僕は関西生まれ関西育ちの生粋の関西人だ。にもかかわらず、両手で数えられるか否かぐらいには「関西人っぽくないよね(笑)」と言われる。

この言葉を言われるたびに二つのことを考える。一つ目。なぜ僕は関西人っぽくないのか。二つ目。「関西人っぽい」とは、いったい、どのような人を指すのか。

一つ目の答えは明白である。

僕は、生粋の関西人でありながら、関西弁が強いタイプではない。いや、関西弁を全く話さない、というわけではないのだが、他の関西人と比べると、圧倒的に、関西弁を発する頻度は少ない、と言える。細かなイントネーション等は、おそらく、無意識的に、関西弁チックな感じに発音しているのであろうが、僕自身、「なんでなんやろう?」と思うぐらい、標準語チックというのか、会話の語尾に、「~なんじゃない?」という表現を多用する傾向がある。それは疑いようのない事実なのだ。

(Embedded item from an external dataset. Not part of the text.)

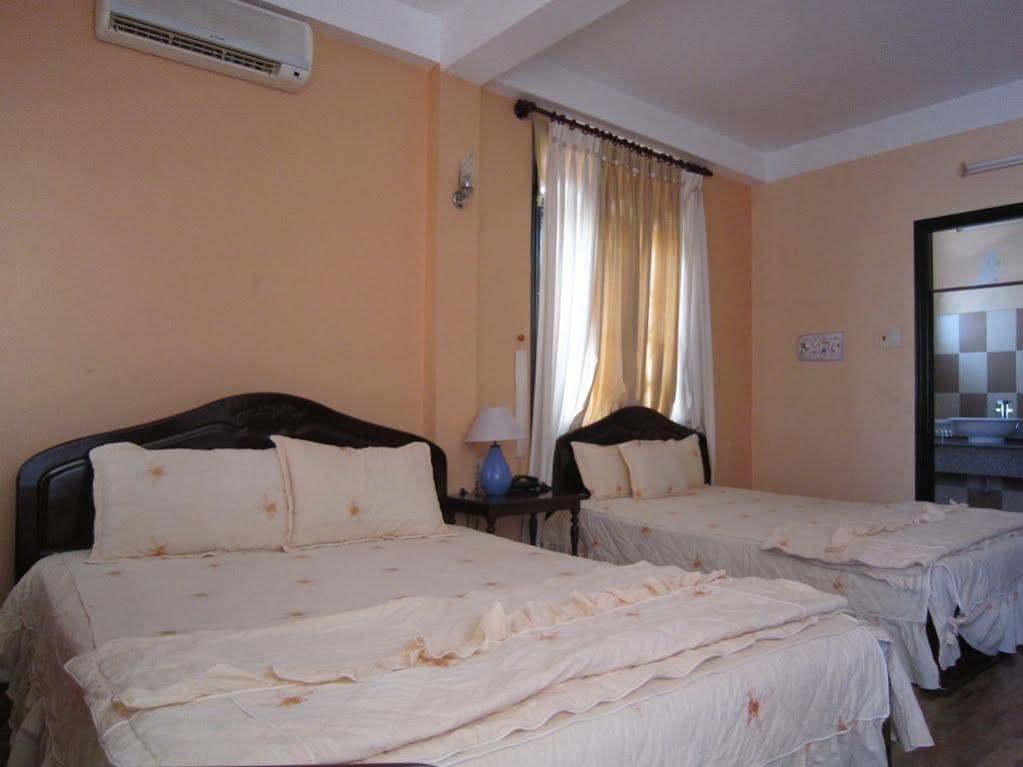 Ponys Hotel Nha Trang Kültér fotó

では、なぜ、僕は「~なんちゃう?」よりも「~なんじゃない?」を用いるのか。この答えも、日頃から考えて来た事柄なので、明白だ。端的に言えば「関西弁は怖いと感じるから」である。

この点は、関東人の方に、特に知っていただきたいトピックスなのだが、関西生まれ関西育ちの関西人だからといって、全員が、関西弁を、流暢に扱えるわけでもなければ、全員が、関西弁に、恐怖の念を感じないわけではない。割合としては少数派であろうが、僕のように、生粋の関西人であったとしても、どこかしら、標準語チックの方は、一定数存在する。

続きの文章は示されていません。